Tuesday, July 10, 2012

Mithradates v. the Romans

Jim's Pontic army v. Steve's Marian Romans

Having just read He Died Old, Alfred Duggan's book about Mithradates it was impossible not to put the Pontic army on the table again.  You have to love a bloke who hates Rome as much as Mithradates.  From the day he murdered his Mum to get the throne until his son had him knocked off 48 years later he was on a mission.  Even Hannibal didn't make speaking with an Italian accent punishable by death.

Both armies were 500 pts.  The Romans in 2 infantry divisions and 1 cavalry division, the Ponts 1 infantry division & 2 cavalry divisions.  The table was diced up and had a hilly end and plain end.  Not surprisingly, the Romans deployed on the hilly end and the Ponts on the plain end.
The pics are taken from behind the Pontic line.  The core of the Pontic army was its phalanx supported by Thorakitai & bowmen. but it had strong cavalry on each wing.  The Roman legionaries were supported by Auxillia foot and horse, but this time Steve had very few light troops.
The battle was a revolving door.  The Romans withdrew their horse behind the woods on their left and their legions steadily advanced and swung left.  The Ponts sent skirmishers forward to wear down the advancing Romans while their phalanx ponderously wheeled right and their right flank cavalry charged off after the Roman horse.
The cavalry fight was won by the Ponts, but their heavies were badly mauled and had to spend time rallying while the light cavalry tried to take out the Auxilla foot now forming the flank guard of the Roman foot.
The Auxilia flank guard stubbornly gave ground, but would not break as poor command dice held up the Pontic right flank cavalry.  But the Romans knew it was only matter of time before their flank was turned and despite the disruption of the enemy skirmishers charged the phalanx in a ragged line as soon as they could.

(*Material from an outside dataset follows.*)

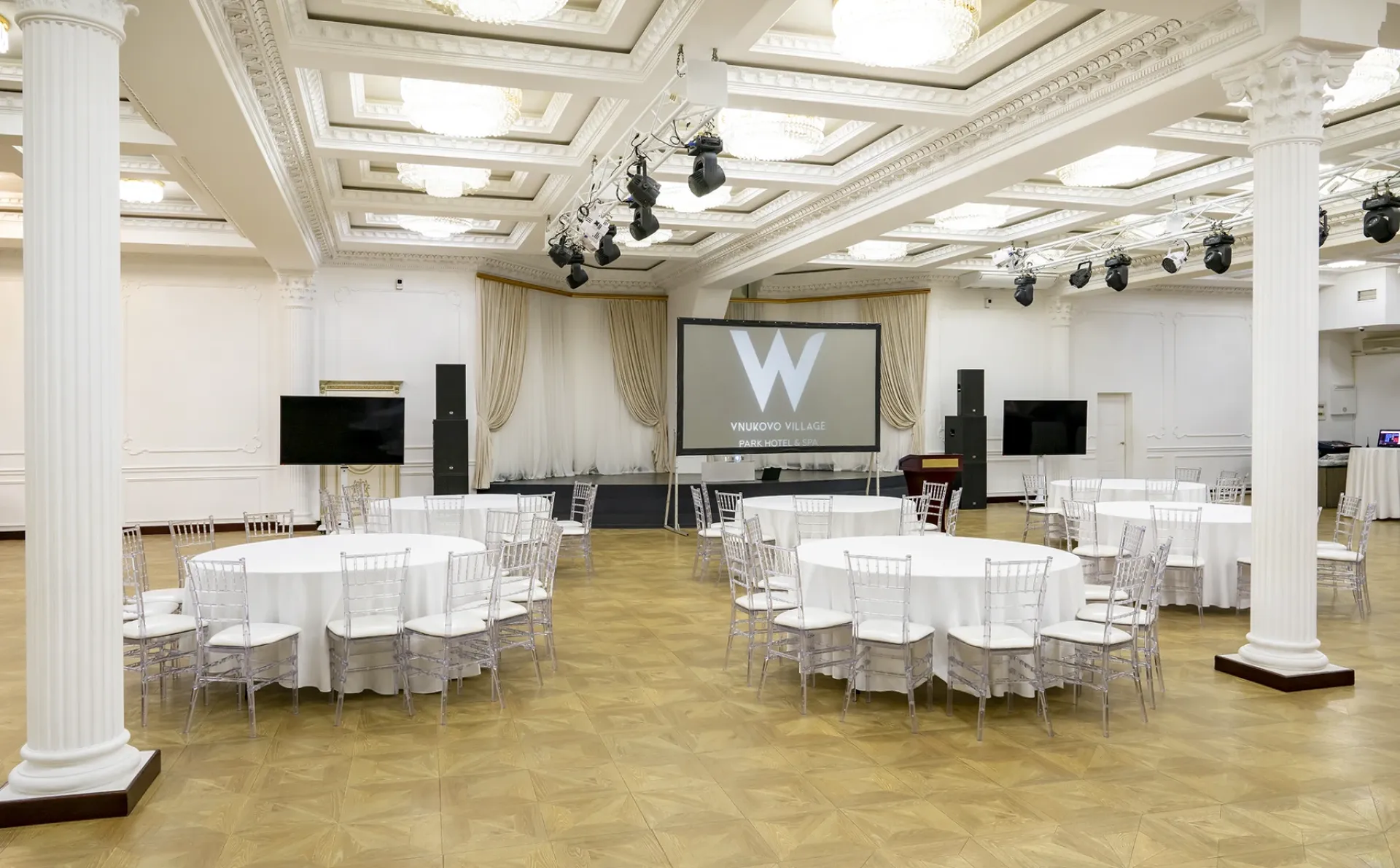 Суриковъ Холл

The phalanx looked impregnable, but alas for Mithradites, as so often in real life, the dice gods decided it was the time to give the Romans a break.  One phalanx broke, then another, shredding the solid front.  The Romans then got in some flank attacks and the infantry division broke.  Unfortunately, the Pontic commander was so dismayed at the goings-on on the table he forgot to take any pics of the sad events.

But as they do, the dice gods eventually relented.  The Auxilia flank guard finally broke and the Pontic cavalry smashed into the Roman left rear.  The other Pontic cavalry division, which had been withdrawn to support the phalanx, counterattacked before the Romans could sort their line back out after beating the phalanx.
With the dice now turning back in their favour, the Pontic cavalry broke both Roman infantry divisions giving Mithradates victory.

Once again we had a battle with wild swings of fortune.  The Ponts certainly outmanoeuvred the Romans, but then a period where they couldn't throw a hit, couldn't throw a save, & failed every morale throw, while the Romans did the opposite, nearly turned it around.   But, at least in Pontic eyes, justice prevailed in the end.

We tried out new counters I bought in Launceston last week after seeing them at the games club meeting.  We used green for casualties, orange for one off shaken, yellow for shaken, blue for disordered.  They did the job nicely.